BEEKEEPER: REDE DE VINGANÇA, de David Ayer: O primeiro blockbuster de 2024 é um filme de ação raiz, nas raias do gore, com Jason Statham em estado de graça, muito bem dublado por aqui por Armando Tiraboschi. Sua narrativa violenta coroa a estética bruta do realizador de "Esquadrão Suicida" (2016) e "Corações de Ferro" (2014). Sua narrativa começa aterrorizante. Nos minutos iniciais, uma idosa administradora de um fundo de assistência (Phylicia Rashad) é roubada por meio de um golpe digital armada por uma organização que limpa as contas bancárias de pessoas na terceira idade usando um vírus digital e hackeando sistemas. Mas para azar desse bando remotamente liderado por um ricaço problemático Derek Danforth (Josh Hutcherson), a personagem de Phylicia tem como seu melhor amigo um Apicultor. O título usado pela figura virtuosa vivida por Statham se refere a um ramo secreto do Serviço de Inteligência dos EUA que nem a CIA pode acessar. Num dado momento, Statham pergunta: "Você quer seguir a Lei ou você quer a Justiça".

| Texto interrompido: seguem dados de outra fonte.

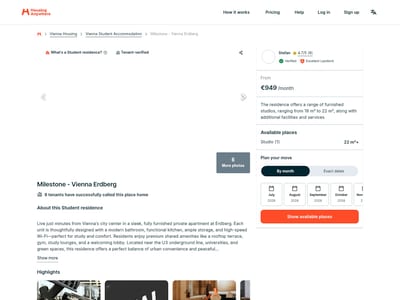 Housinganywhere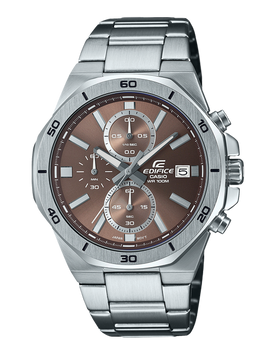 Чоловічий годинник Casio Edifice EFV-640D-5A EFV-640D-5A фото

GUERRA CIVIL, de Alex Garland: O presságio da nova Era Trump. Esta produção de US$ 50 milhões, dirigida pelo escritor responsável pelo cult "A Praia" (filmado por Danny Boyle em 2000), cartografa a América fraturada dos dias atuais na forma de uma distopia. Num amanhã próximo, do qual pouco se sabe, sobrou pouco dos EUA. Um conflito interno assolou o país. Sem explicar o que se passa ou dar informações dos ideais bélicos por trás de cada lado da trincheira, Garland nos oferece como protagonistas um grupo de jornalistas de índoles das mais diversas que cruzam estados até chegar à Casa Branca. Wagner Moura, em brilhante atuação, encarna um deles.
MAXXINE, de Ti West: Desde "Ataque dos Morcegos" (2005), o americano de Delaware Ti West vem construindo uma obra singular, cinéfila, parafraseando e homenageando movimentos e filões (quase sempre de linha B) que marcaram época nas telas. É o caso do western spaghetti, objeto dele em "No Vale da Violência", hoje na Netflix. Mas é pelas vias do horror, sobretudo na conexão com o slasher do fim dos anos 1970 e de toda a década de 1980, que ele mais ganhou notoriedade, e melhor talhou sua musculatura narrativa. Aqui ele compõe uma trilogia com "X: A Marca da Morte" e (o magnífico) "Pearl", ambos de 2022. Mia Goth é sua diva. Ele vive uma estrela pornô que encara as sujeiras de Hollywood para se firmar como estrela numa Los Angeles assombrada por um psicopata.